A sermon for the First Sunday of Advent, December 2, 2018
Trinity Episcopal Church of Morrisania, Bronx, New York
Almighty God, give us grace to cast away the works of darkness, and put on the armor of light, now in the time of this mortal life
This is the beginning of today’s collect for the First Sunday of Advent, that is to say, they are the first words of the Christian new year. The “works of darkness” enfold us. We live in a world that is filled with darkness—willful blindness, suspicion, corruption, and hatred. That darkness can affect us; make us reactive and suspicious; tempt us to hate and pay back evil with evil. In our Gospel for today, Jesus says:
There will be signs in the sun, the moon and the stars, and on the earth distress among nations confused by the roaring of the sea and the waves. People will faint from fear and foreboding of what is coming upon the world, for the powers of the heavens will be shaken.
In such a time, the forces of darkness can cause damage to many things: the peace of society, safety for individuals, material well-being. But worse still is the spiritual damage of being caught up in that darkness, corruption, hatred, blindness.
Then they will see ‘the Son of Man coming in a cloud’ with power and great glory. Now when these things begin to take place, stand up and raise your heads, because your redemption is drawing near.
Don’t give in to blindness, but see our redemption drawing near. Following Jesus gives us light in the darkness. In our Collect for today, we pray that God will give us grace—that’s grace, which is a gift from God’s mercy, not some strength of our own—grace to put on the armor of light—NOW in the time of this mortal life. The light of truth protects us and allows our spirits to be healthy, even in difficult times. In this real world, we can be of earthly use in addressing the problems around us, because we are protected by the armor of light. The darkness can weigh us down; make us depressed or unmotivated; cause us to be fearful and discouraged. Yet Jesus says: “Be on guard that your hearts are not weighed down with [this] dissipation and drunkenness and the worries of this life.”

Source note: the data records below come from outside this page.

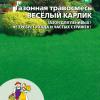 Газон ВЕСЁЛЫЙ КАРЛИК карликовый 20 г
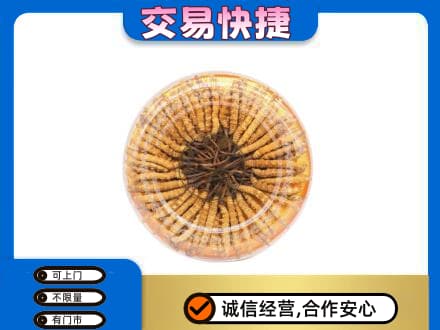 白山回收虫草礼盒
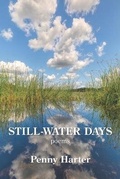 Cover: Still-Water Days - Kelsay Books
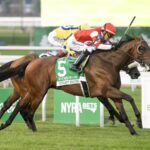 Minaret Station - Joe Hirsch Turf Classic G1 - Barbara D. Livingston - Daily Racing Form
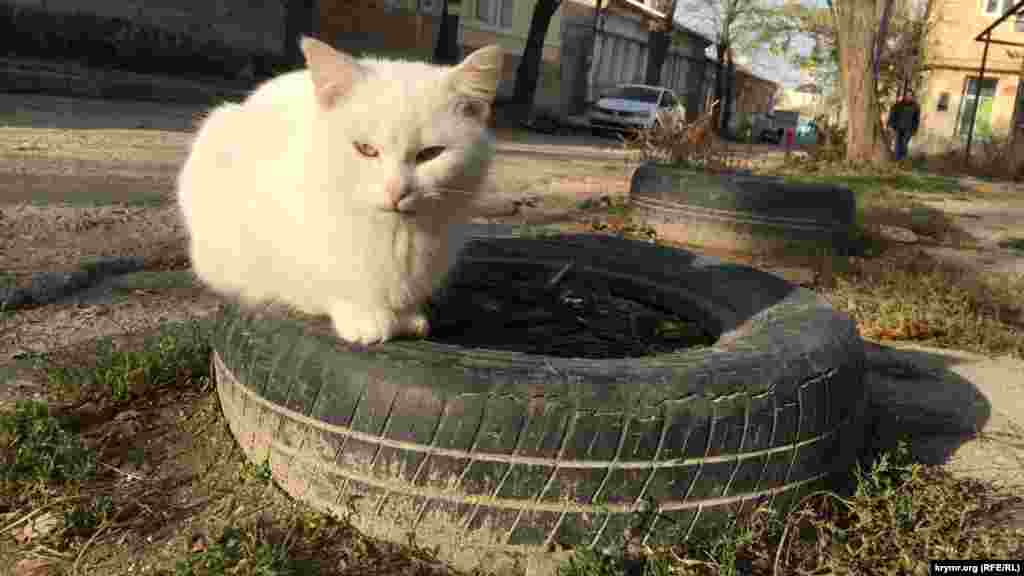 Кота можно найти по адресу: старая покрышка, Старый город, Симферополь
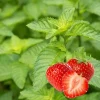 Strawberry Mint Live Plant - 4 inch Pot - Fragrant Herb for Indoor Outdoor Culinary Use - Image 1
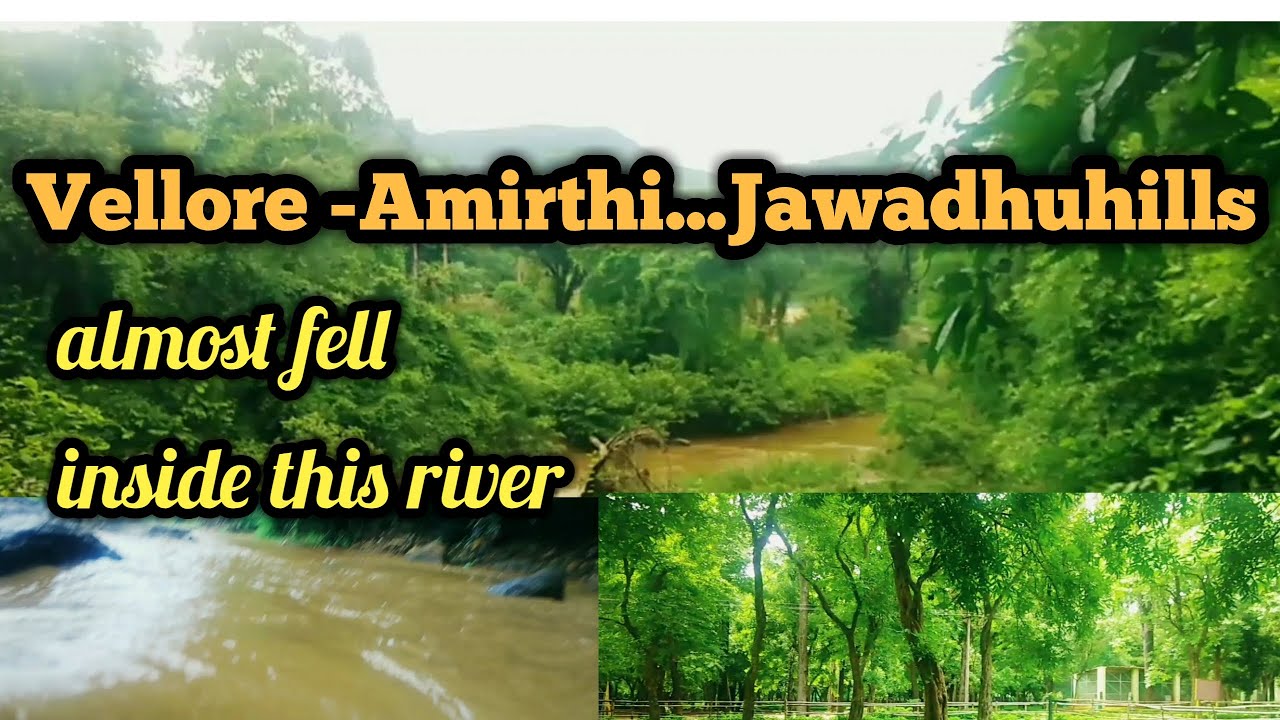 Vellore   Amirthi Zoo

It’s at this very time that Christ comes among us bringing our greatest hope and the opportunity for our greatest spiritual triumph. As the Collect says, “in the time of this mortal life in which your Son Jesus Christ came to visit us in great humility.” It is in his humility of being a person just like us, but not captured by the darkness, which makes him the one who can be the final judge of all people. His compassion and mercy reveal the truth of all of us, including every way in which any of us might give in to those pervasive forces of darkness. He brings us the armor of light, so that we can live in freedom and joy.
That’s the reason why we begin that time of year that everybody calls the “Christmas Season” by talking about the final judgment and the coming of Christ as the judge of all. It’s because we rejoice in that humble child, the one who is free and brings freedom in the midst of a world filled with the works of darkness. That baby wasn’t protected by an army or divine security patrol. He was protected by the love of a mother and a father who had no power, nor money, nor any more security for themselves than any of us. The judgement of God is here, now, in this time of our mortal life. It is God’s compassion for us and our life of growing into God’s compassion.

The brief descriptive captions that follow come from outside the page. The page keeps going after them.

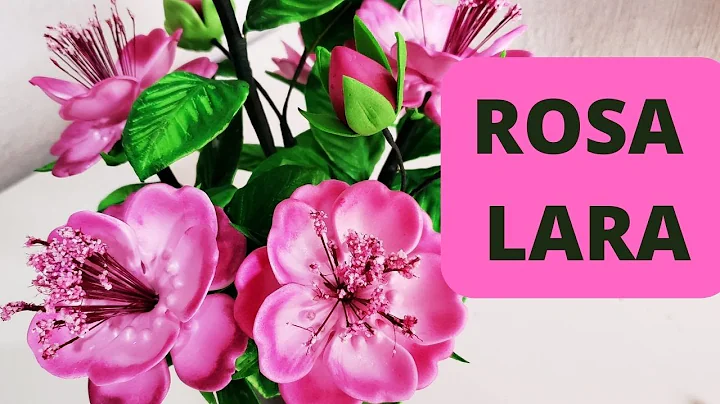 ROSA LARA EM E.V.A!!!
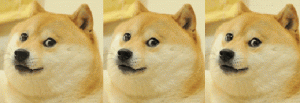 Dog Gif 11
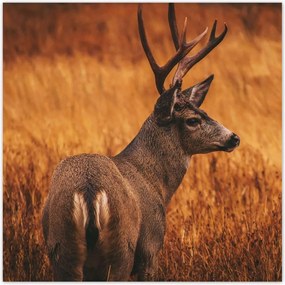 Poszterek 100x100 Szarvas a természetben Vadászat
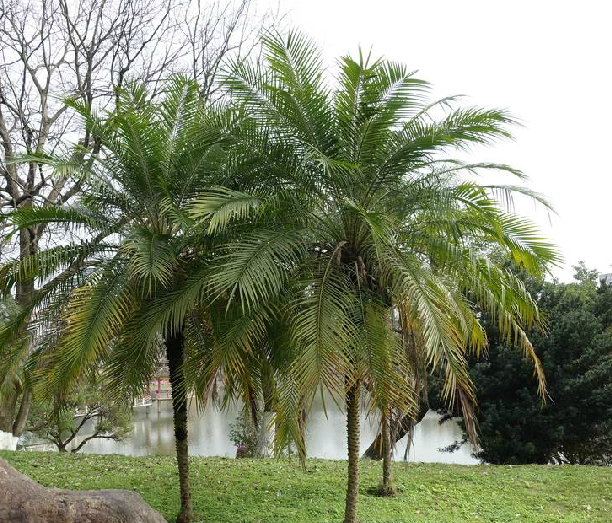  p>江边刺葵(学名: i>phoenix roebelenii /i> o.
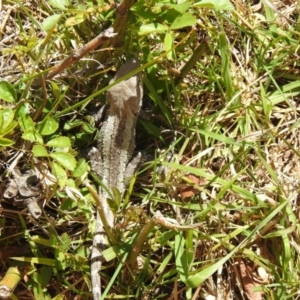 Amphibolurus muricatus at Carwoola, NSW - 25 Sep 2021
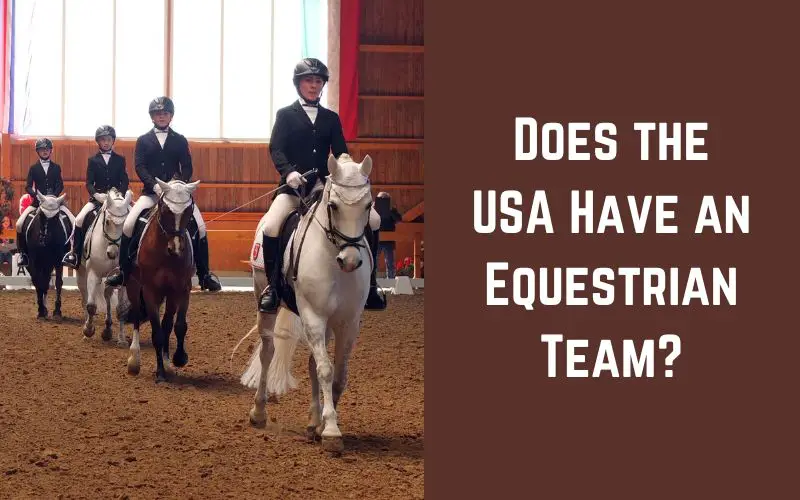 Does the USA Have an Equestrian Team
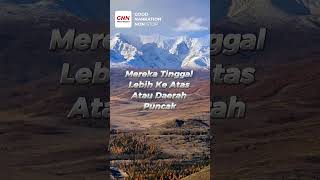 #shorts : Tempat Tinggal Mongol yang Nomaden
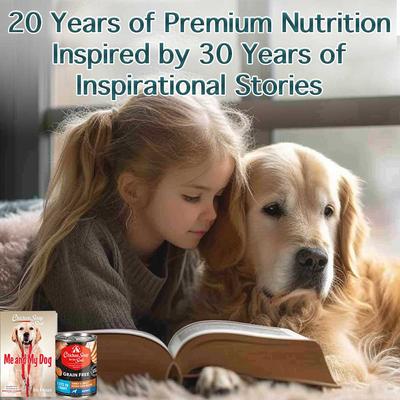 Turkey & Sweet Potato Stew Recipe Grain-Free Canned Dog Food, 13-oz can, case of 12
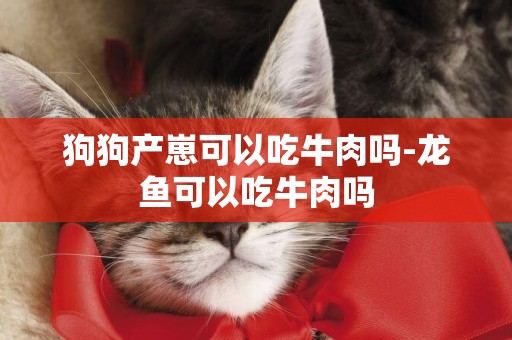 狗狗產崽可以吃牛肉嗎-龍魚可以吃牛肉嗎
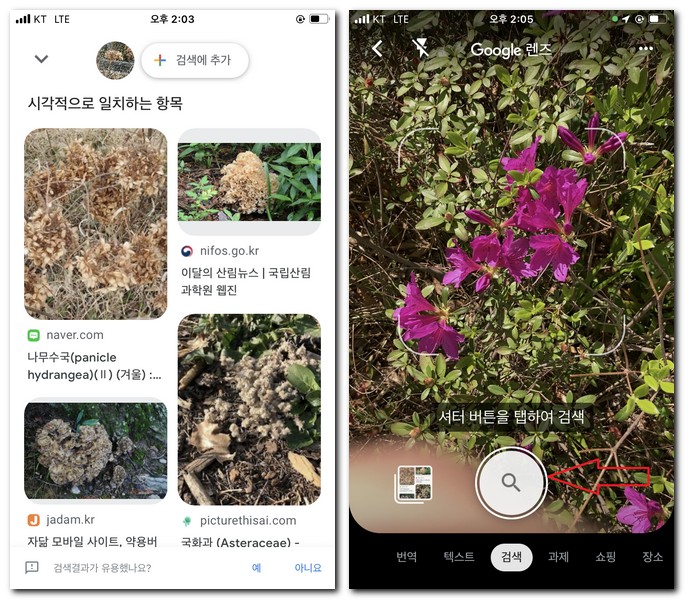 철쭉꽃 이름 찾기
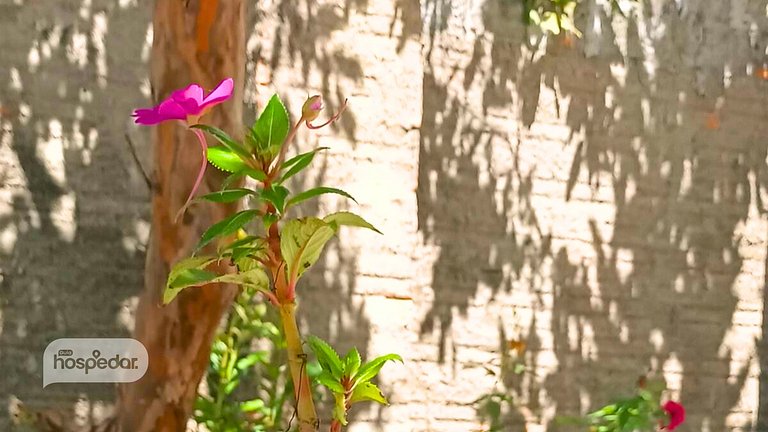 Casa MonteFlor - Desacelere com gentileza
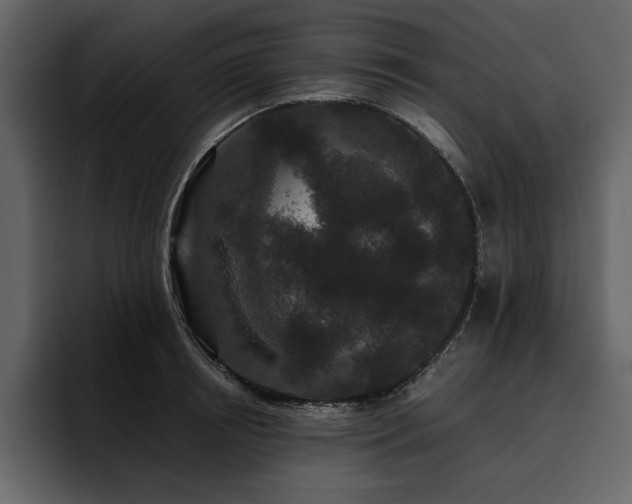X0000095930850200801111253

It’s been more than two years since I last preached here at Trinity. I have often thought of you, sometimes even mentioned you: your faithfulness, your challenges, your joy. When I read today’s Epistle lesson from Paul to the church at Thessalonika, I was struck by how I feel about this congregation:
“How can we thank God enough for you in return for all the joy that we feel before our God because of you? Night and day we pray most earnestly that we may see you face to face and restore whatever is lacking in your faith. Now may our God and Father himself and our Lord Jesus direct our way to you. And may the Lord make you increase and abound in love for one another and for all, just as we abound in love for you. And may he so strengthen your hearts in holiness that you may be blameless before our God and Father at the coming of our Lord Jesus with all his saints.”
It is God that leads us into hope and abundance. God shows us the way and keeps us safe with the armor of his light. With this new year in the church’s life, God calls Trinity Church to discern that way, what it is to follow Jesus and to be God’s joyful people.
From today’s lesson from Jeremiah:
The days are surely coming, says the Lord, when I will fulfill the promise I made to the house of Israel and the house of Judah. … In those days Judah will be saved and Jerusalem will live in safety. And this is the name by which it will be called: “The Lord is our righteousness.”